-- Records for the task follows --

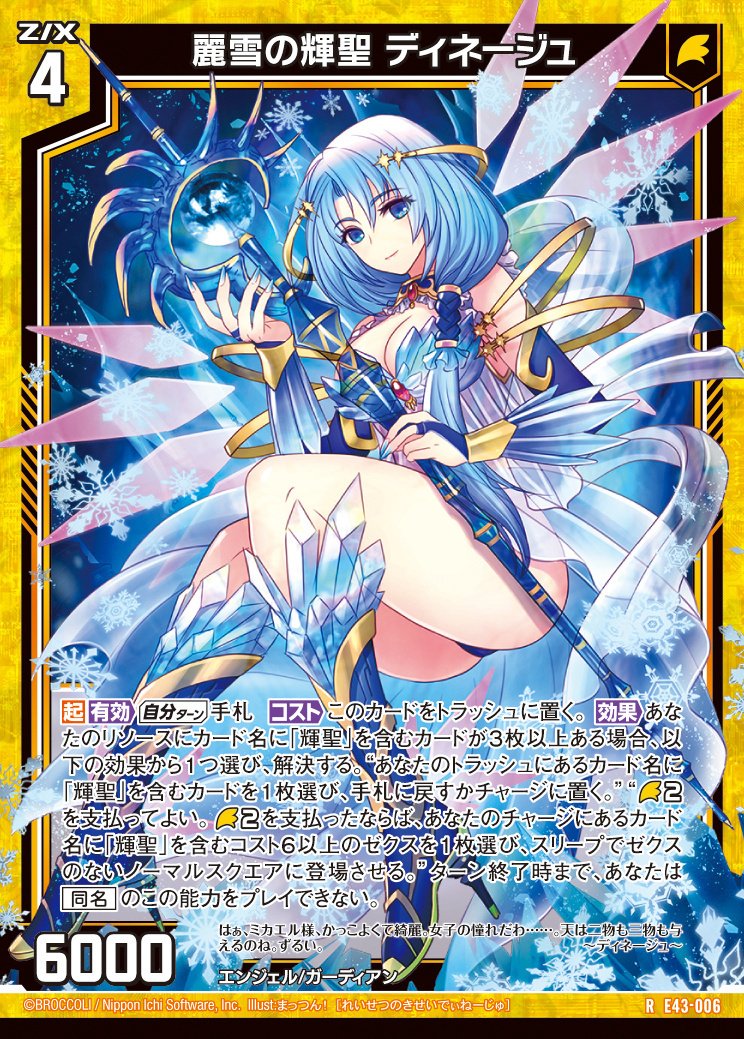 こーた様＊専用ページ Z/X/ゼクス/B48/星火燎原編 爆臨！/SRH/SR ホロ セット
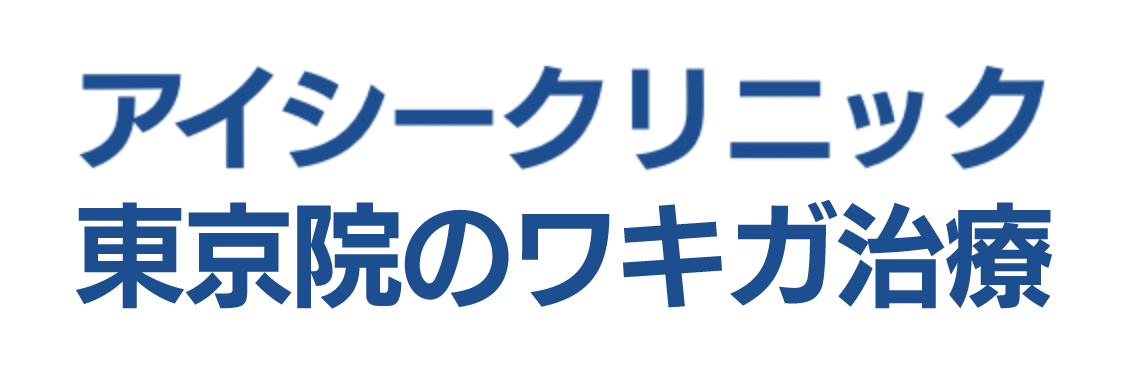 アイシークリニック東京院のワキガ治療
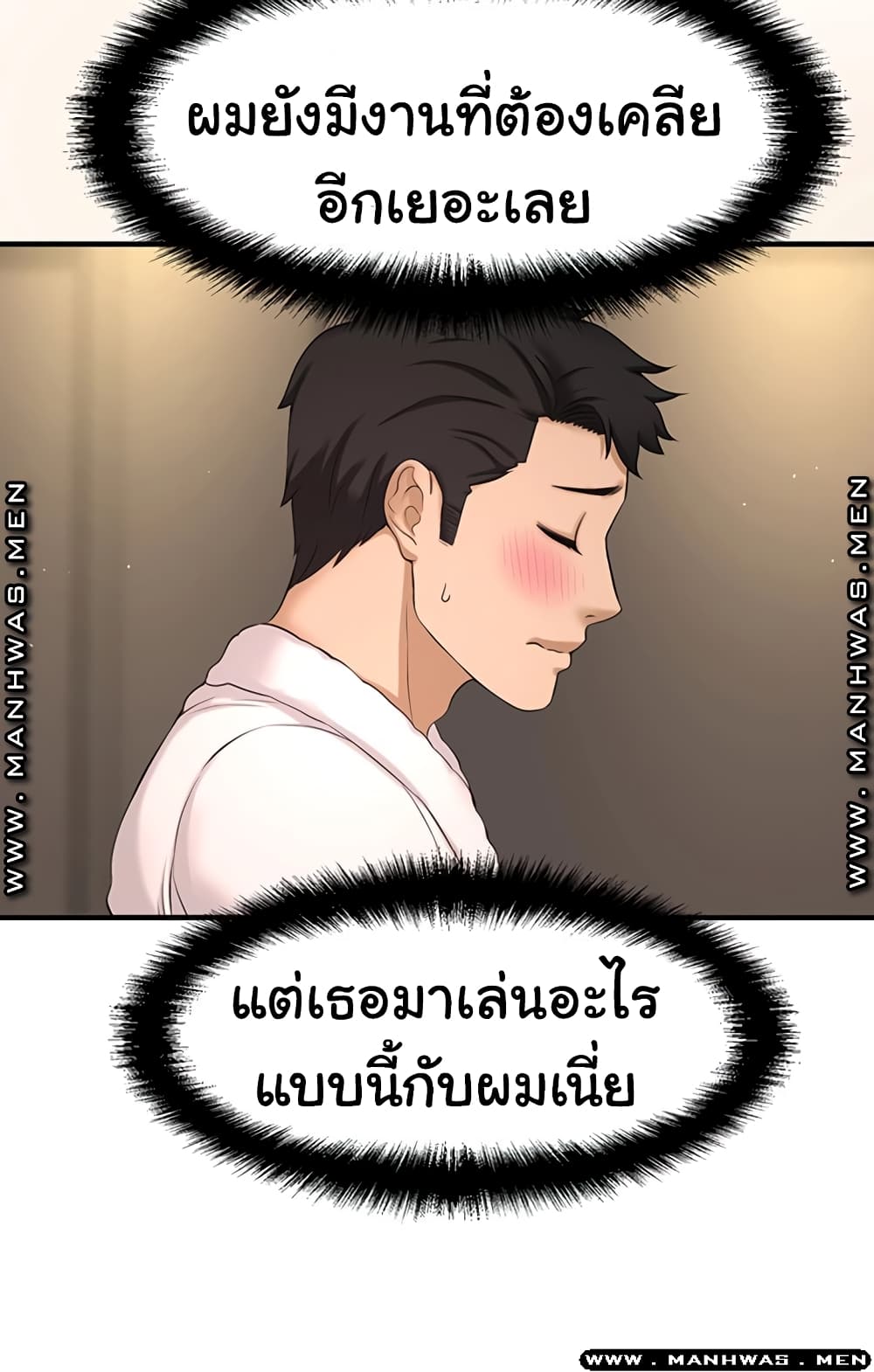 I Want to Know Her – I Want to Know Her – ตอนที่ 3 หน้า 71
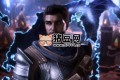 《龙腾世纪4：影障守护者》中文版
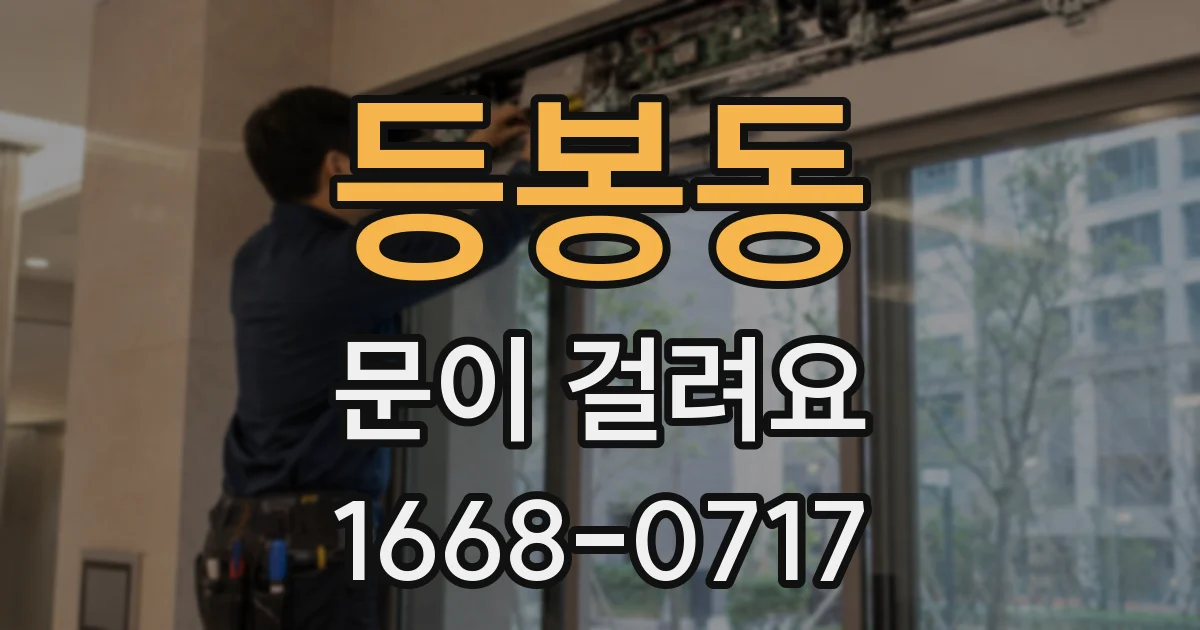 등봉동 문이 걸려요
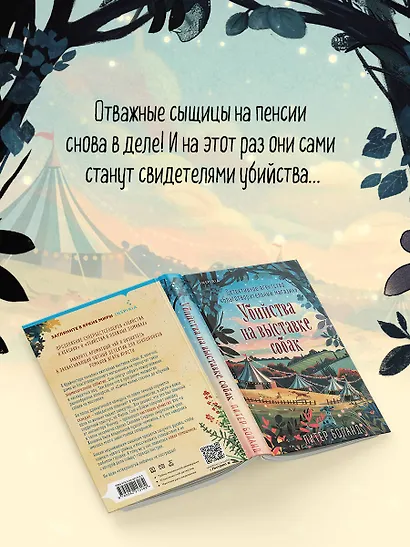 Убийства на выставке собак. Детективное агентство «Благотворительный магазин» (#3) - фото 5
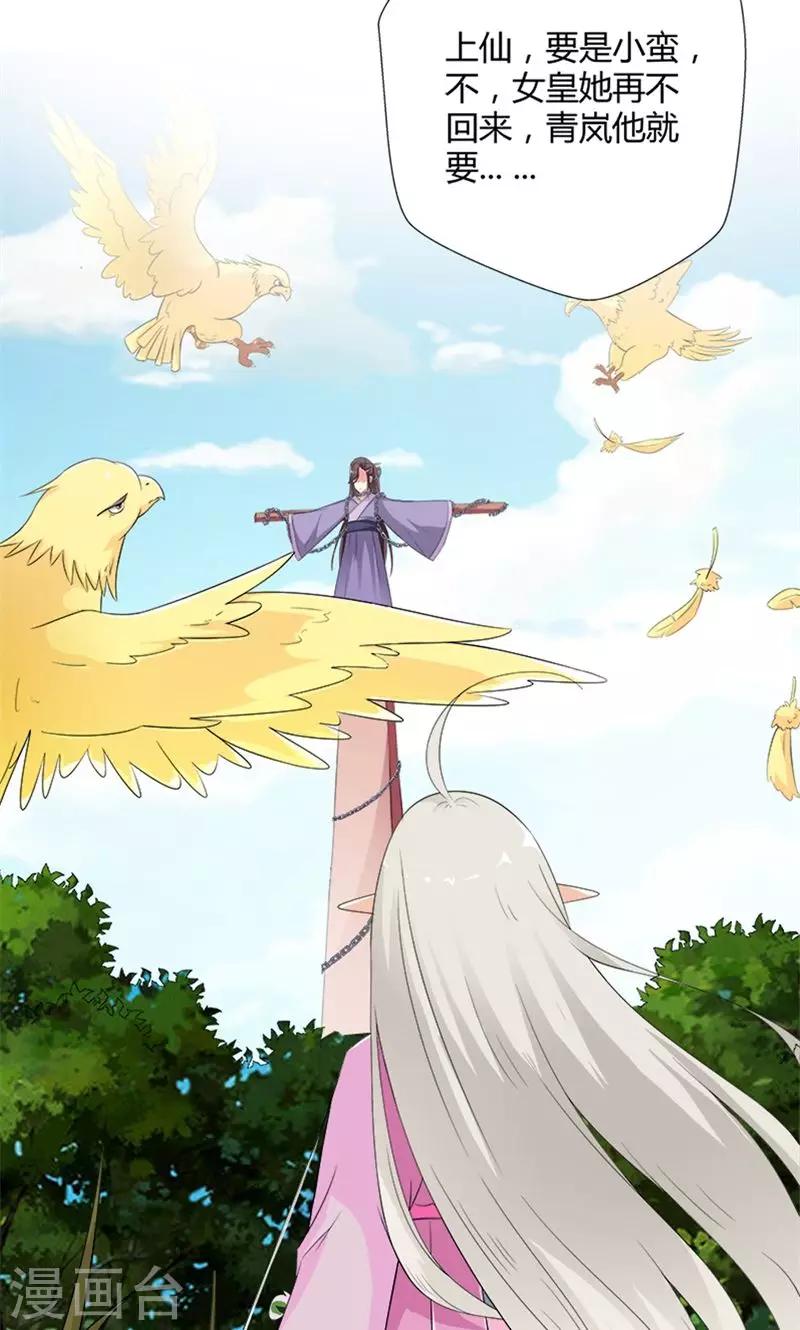 第3季52话 小蛮快回来吧！-第189话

-- Records for the task concluded --

**Task:** Each entry must be retyped word for word, with every image omitted.

**Answer for this exercise:**
 こーた様＊専用ページ Z/X/ゼクス/B48/星火燎原編 爆臨！/SRH/SR ホロ セット
 アイシークリニック東京院のワキガ治療
 I Want to Know Her – I Want to Know Her – ตอนที่ 3 หน้า 71
 《龙腾世纪4：影障守护者》中文版
 등봉동 문이 걸려요
 Убийства на выставке собак. Детективное агентство «Благотворительный магазин» (#3) - фото 5
 第3季52话 小蛮快回来吧！-第189话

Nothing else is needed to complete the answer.